Even if the temptation to slash costs in bypassing the retail sector gets too much, it’s unlikely to weight in for awhile yet. Although print on demand is growing fast (Warren Griffin reports that it’s doubled on last year) casual estimates by most people approached for this story peg digital printing at less than one percent of the industry as a whole. It’ll certainly keep growing, but it’s less about expansion and more about finding efficiencies in the bloated return-and-pulp business model.
In fact, digital short run print will by definition remain small — if a small, cult or previously out of print book catches on, there’s more likelihood it’ll be shunted to a traditional mass volume and warehousing process.
And while Meyer, Rowling and King are still publishing’s bread and butter, they’re not that of Better Red Than Dead, a business for whom short run could end up the rule rather than the exception. “Our bread and butter is the books we recommend to our customers,” Sally Shilvers says. “We have books with better margins but our customers keep coming back because they’re happy with what we read and recommend. If we provide those books at a reasonable price fast enough it’ll enhance the experience for our customers.”
Supply and Demand
With the market pulling everyone in different directions, a commercial sweet spot is yet to be found. Allen & Unwin’s Elizabeth Weiss told the Weekly Book Newsletter Australian consumers were ready for ebooks but the systems aren’t in place yet, and there’s indeed been no industry-spawning device or solution that’s thrust the whole field into the mainstream like the iPod did for music.
Even if there is, Henry Rosenbloom reminds us it still won’t be that simple. “Theoretically, print on demand means no book ever needs to be out of print, but every book kept in print has an administrative burden attached,” he says. “You have to manage the stock, produce royalty statements every six months, etc. Sometimes it’s just not going to be worth the money you spend on it.”
For now though, short run digital printing is finding its feet. It won’t make anyone rich for the time being, but the industry has a lot of catching up to do to compete with Blu-ray players and Playstations. Getting as close as possible to the ubiquitous availability consumers now expect might be its best chance.
Rights and Wrongs
How about the people who set all this in motion — authors?
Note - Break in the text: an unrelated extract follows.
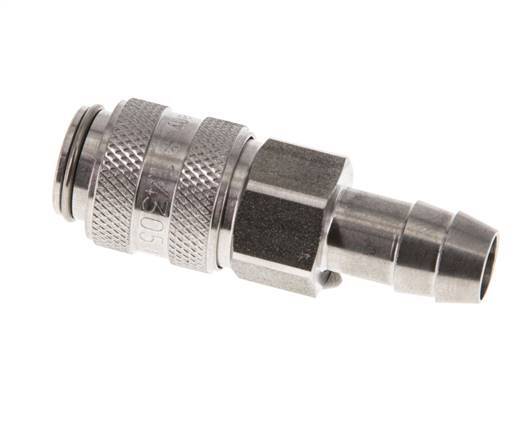 Stainless steel DN 5 Air Coupling Socket 9 mm Hose Pillar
Agent Selwa Anthony reports that contracts aren’t specifying anything about print on demand or ebook rights yet because the standard revision clause covers it.
“At the moment all good contracts have a revisions clause,” she says. “Basically it says a publisher has six months to reprint a book after requests to do so, and if they don’t the rights have to be reverted. But the author has to request it, it just doesn’t automatically happen.”
Defending Google contentious book search technology, writer and editor Lynne Spender recently told ABC Radio National about the new opportunities for authors, from ‘subscriptions and consumer online purchasing and advertising’ to ‘per-page printing at public access terminals in libraries’.